Crise de la Covid-19, guerre en Ukraine, tension en mer Rouge : confrontée au chamboulement de ses routes d’approvisionnement en huiles brutes, la Société de production des huiles de Bourbon (SPHB), qui fêtera bientôt ses 40 ans, en a fait la source d’une réflexion sur son métier, sa stratégie, sa place dans l’économie locale et la société réunionnaise. Durant ces différentes crises, les rayons de la GMS réunionnaise ont connu peu de rupture de stock et la SPHB a même diversifié son offre pour que les familles continuent d’avoir accès à une huile de qualité malgré l’inflation. Cette fidélité du service est à l’actif du directeur général de la SPHB, Jean-Marie Ollivier, et de son équipe, avec l’appui de Lesieur, dont la SPHB est une filiale depuis 2015. De la réflexion générée par cette période compliquée est née une « mise à jour » du plan stratégique de la SPHB. Tout en maintenant le grand cap de la modernisation, la SPHB en a clarifié les finalités et les moyens. Dans l’entretien qu’il nous a accordé, Jean-Marie Ollivier reprend, point par point, les différents aspects de cette clarification, du recentrage de l’entreprise sur la production d’huile à son ancrage local, en passant par le positionnement de ses marques et ses multiples initiatives en matière de RSE. Autant de volets d’une stratégie renouvelée qui donnent un nouvel élan à l’entreprise.
La ligne d’embouteillage a été complètement renouvelée : à gauche, l’étiqueteuse automatique; à droite, le robot de conditionnement.
Leader Réunion : Comment se porte la Société de production des huiles de Bourbon en cette fin de premier semestre 2024 ?
Jean-Marie Ollivier : En 2023, la SPHB a remis à jour son plan stratégique. Nous avions été pas mal ballotés entre 2020 et 2022, entre la crise sanitaire de la Covid-19, puis la guerre en Ukraine. Cette remise à jour du plan stratégique nous a permis de nous refixer un cap. Et ce cap est très clair : c’est de nous concentrer sur nos activités de production d’huiles. Cette vision a été partagée avec l’ensemble des collaborateurs. Elle donne aujourd’hui à notre activité un sens et un nouveau souffle en clarifiant ce que nous souhaitons faire.
Quel regard portez-vous sur les perspectives économiques de l’année ?
Le début de l’année 2024 a été perturbé par les difficultés en mer Rouge, qui ont affecté la logistique de tous les intervenants à La Réunion. Plusieurs centaines de tonnes d’huiles brutes que nous attendions ne sont pas arrivées dans les temps. Nous possédions un stock stratégique de produits finis et bruts qui nous a permis de continuer à travailler et de livrer normalement les clients. Il n’y a pas eu de rupture de stock. Au-delà, a-t-on un marché qui se tend ? C’est difficile à dire. On ne peut pas nier qu’il y a de l’inflation, de la tension sur les marchés avec tous les conflits, et une certaine morosité. On voit, malgré tout, que La Réunion possède une capacité de résilience, avec une population qui augmente de façon régulière, un tissu économique actif, un tourisme très dynamique. Donc, même s’il y a des sujets de fond qui suscitent des interrogations, je suis plutôt optimiste pour l’avenir.

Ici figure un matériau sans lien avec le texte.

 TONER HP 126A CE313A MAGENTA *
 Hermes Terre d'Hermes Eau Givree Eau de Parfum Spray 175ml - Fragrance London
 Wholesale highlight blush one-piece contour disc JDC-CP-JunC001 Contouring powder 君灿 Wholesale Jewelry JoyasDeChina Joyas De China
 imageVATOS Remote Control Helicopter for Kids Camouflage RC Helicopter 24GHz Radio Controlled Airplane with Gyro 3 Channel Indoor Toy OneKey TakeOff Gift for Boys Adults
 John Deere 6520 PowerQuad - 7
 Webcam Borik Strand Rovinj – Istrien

Quelle est la situation sur le marché des matières premières des huiles alimentaires ?
Le marché des huiles a toujours été un marché mondial : il l’est encore plus depuis deux ou trois. Le grenier à blé et à tournesol était en Ukraine et en Russie : 80 % de la production d’huiles brutes se faisait là-bas, avec des flux réguliers. Ce marché relativement stable, la guerre en Ukraine l’a déstabilisé. L’accès à la graine devenant difficile, la transformation sur place très compliquée, les cours ont augmenté de façon très importante. Les routes d’acheminement des produits ont changé. L’autre nouvel élément influençant le marché des huiles, c’est le développement des biocarburants. Leur développement met de la pression sur le marché, qui connaît donc une très grande volatilité. Entre les différents types d’huiles, les biocarburants, une offre et une demande en mouvement permanent au niveau mondial, appréhender les aléas de ce marché n’est pas un long fleuve tranquille.

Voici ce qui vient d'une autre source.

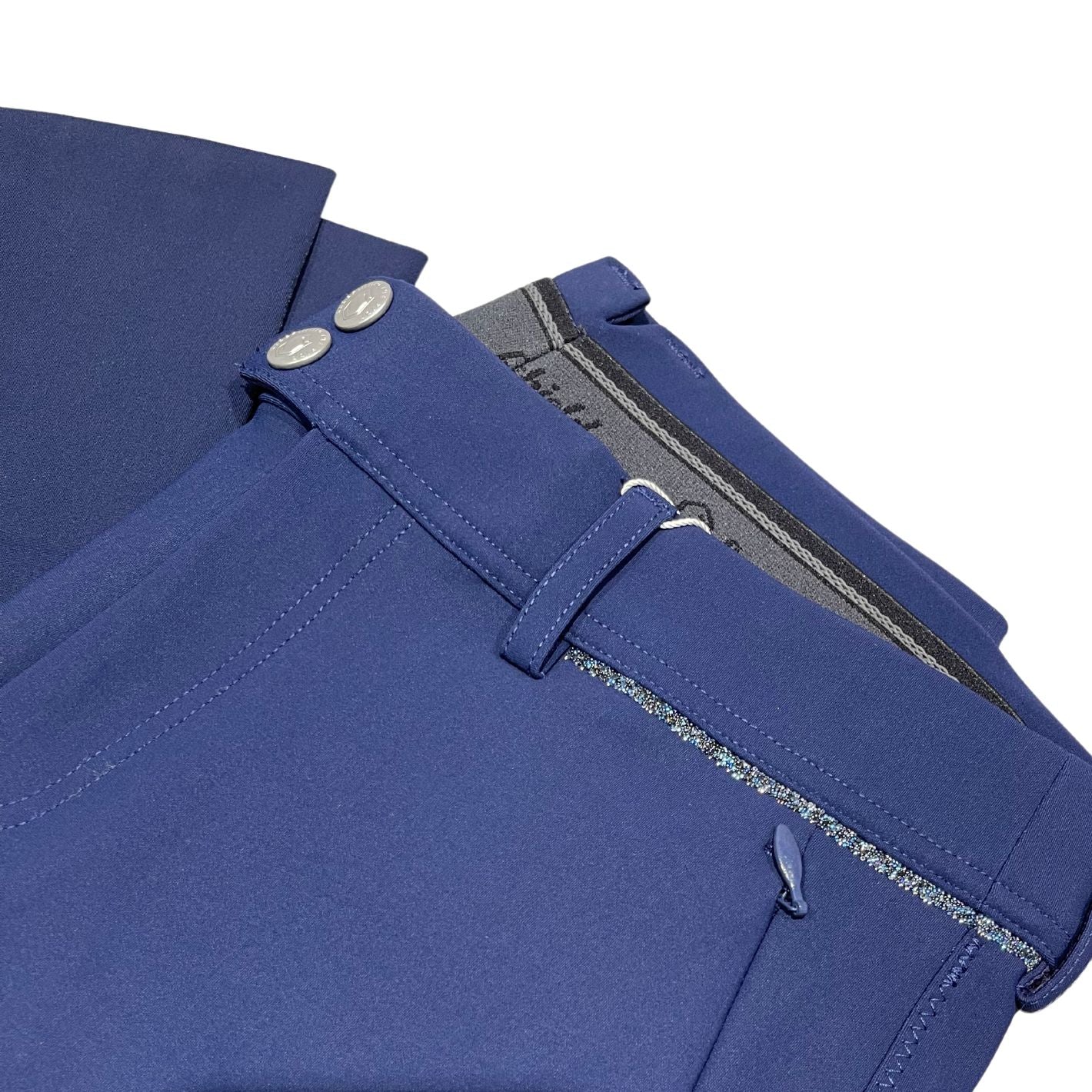 Samshield Celest High Waist Breeches - Night Blue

Qu’en est-il du marché réunionnais ?
A La Réunion, le marché est principalement orienté vers le tournesol et le colza. L’année 2022 avait enregistré une baisse de volumes liée à la forte hausse des prix et aux problèmes d’approvisionnement. On peut dire que la crise, avec ses prix très élevés, est derrière nous. Le tournesol et le colza sont revenus à des niveaux de prix assez proches de ce qu’ils étaient avant la guerre en Ukraine. La reprise des volumes de ventes a été d’environ 10 % en 2023. Nous avons changé nos sources d’approvisionnement. Nous nous approvisionnons dorénavant en métropole, où des filières se développent pour produire du colza et du tournesol. Nous achetons par exemple du colza 100 % français. C’est un élément extrêmement positif. Nous sommes moins affectés par les aléas du marché. En ce début de 2024, le marché demeure stable. L’élément qui s’intensifie, c’est l’importance prise par l’effet d’aubaine des promotions en magasins. Avec un panier moyen qui a quand même beaucoup augmenté et une inflation qui persiste, le consommateur est sensible à cet effet d’aubaine. C’est un phénomène marqué à La Réunion et on l’observe très nettement sur les huiles.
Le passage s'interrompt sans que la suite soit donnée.